Re: Double letters in Han-geul.
|From:||Sanghyeon Seo <sanxiyn@...>|
|Date:||Tuesday, May 3, 2005, 0:30|
On 5/3/05, Steven Williams <feurieaux@...> wrote:
> What are the function of/reason for the double finals
> in Han-geul (i.e., -lm, -ls, etc.)? As far as I can
> tell, they're not pronounced, but I still can't figure
> out why they're there. Are they the remnants of
> formerly-pronounced final clusters, or something else?
(with his native speaker of Korean hat on:)
No, they are pronounced, but only by liaison when followed by vowel.
For example, /kaps/ "price" is pronounced [kap], but when followed by
subject marker -i, /kaps i/ is pronounced [kap.si]. However, when followed
by commitative -kwa, /kaps kwa/ is pronounced [kap.k'wa], without [s].

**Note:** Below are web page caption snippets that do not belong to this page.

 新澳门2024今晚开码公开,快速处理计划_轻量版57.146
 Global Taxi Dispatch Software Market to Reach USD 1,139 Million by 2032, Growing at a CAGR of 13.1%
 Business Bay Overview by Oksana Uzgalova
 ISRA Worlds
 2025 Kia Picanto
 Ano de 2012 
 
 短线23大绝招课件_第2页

(apostrophe in k' is to indicate this k is a tense sound. When two stops
run together, the second one become tense.)
Yes, it is the remnants of Middle Korean in some way. It is believed that
/kaps kwa/ was once pronounced [kap skwa], but phonotactics changed
to prevent syllable initial cluster, and [sk] turned to [k'].